On peut avancer que Le Bon cède à la tentation de trop exprimer sa personnalité et ses intérêts individuels, manifestant une propension suspecte à défendre les avantages de sa classe sociale contre ceux des « foules populaires ». Il fait, par exemple, montre d’une hostilité farouche à l’extension de l’enseignement général, souhaitant au contraire celle de l’enseignement professionnel, le seul adapté, selon lui, aux destinées du prolétariat pour lequel il refuse toute possibilité de promotion sociale.


Le travail de Le Bon repose, en outre, sur un présupposé susceptible d’être contesté : selon lui, l’individu est « détérioré » par le groupe ; il y aurait donc des individus d’abord, puis des groupes où ces individus se rencontreraient et seraient dégradés. Or on peut supposer, avec Durkheim par exemple, que c’est d’abord le groupe qui existe et non pas l’individu, et que le groupe forme celui-ci par le processus de la socialisation et de l’éducation, au lieu de le déformer systématiquement comme le laisse entendre Le Bon. On peut donc dénoncer ici les travers d’une vision individualiste et élitiste de Le Bon face à la collectivité.

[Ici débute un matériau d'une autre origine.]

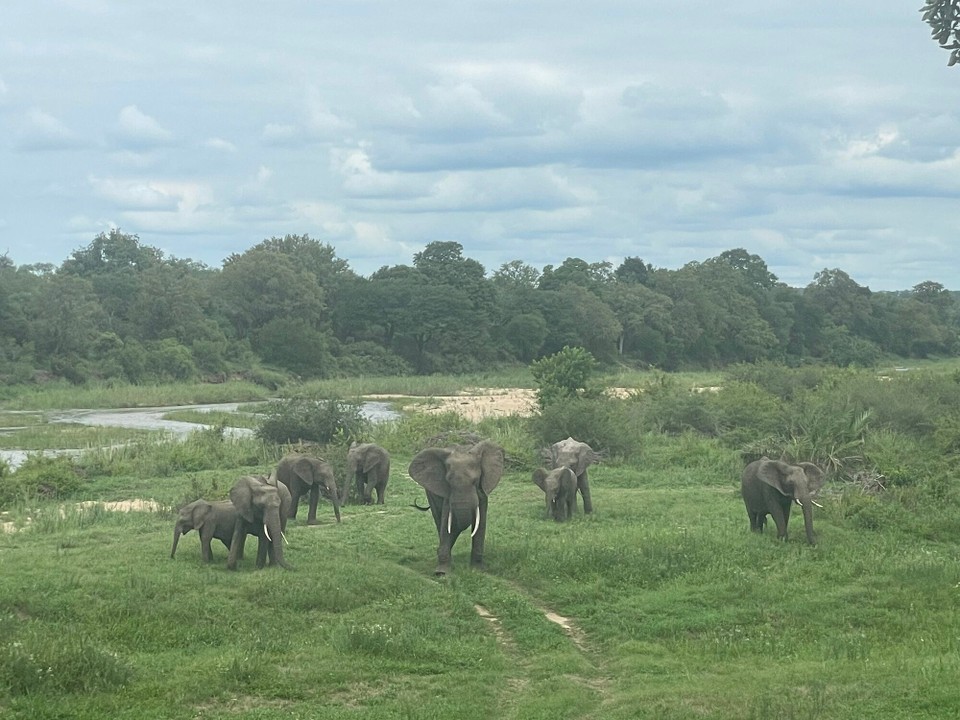 Südafrika - Sabie Park -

Cela dit c’est peut être avec l’un des contemporains et inspirateurs de Le Bon qu’on trouve la meilleure mise en lumière des limites de la psychologie des foules. Gabriel Tarde, juge d’instruction et criminologue de son état, s’est interrogé sur la pertinence du concept de foule pour caractériser la multitude contemporaine. Il a ainsi proposé la notion de « public », vu comme une autre façon d’être nombreux ou, autrement dit, comme le fait d’être avec d’autres sans le savoir ni le voir. Le développement de la presse à la fin du 19e et au début du 20e siècle concomitant des progrès de l’alphabétisation et de la publicité, a conduit à l’apparition d’un lectorat. Or, selon Tarde, le lecteur ne se situe pas dans la sphère publique mais dans l’espace privé. Par là, le public devient une forme de multitude plus importante que la foule : c’est la façon dominante d’être nombreux. Le lectorat, comme la télévision aujourd’hui, est par définition la vraie multitude : une foule rassemblée est limitée physiquement alors qu’un public n’est ni exclusif ni géographiquement localisé. Avec le développement de CNN on prétend d’ailleurs désormais toucher un public mondial. De plus, si la foule offre une sorte d’ivresse synonyme de l’affaiblissement de la raison, le public est une multitude froide et certainement plus apaisée : d’une part parce que les corps ne sont pas entraînés par la foule ; d’autre part parce que l’on peut être membre de plusieurs publics à la fois.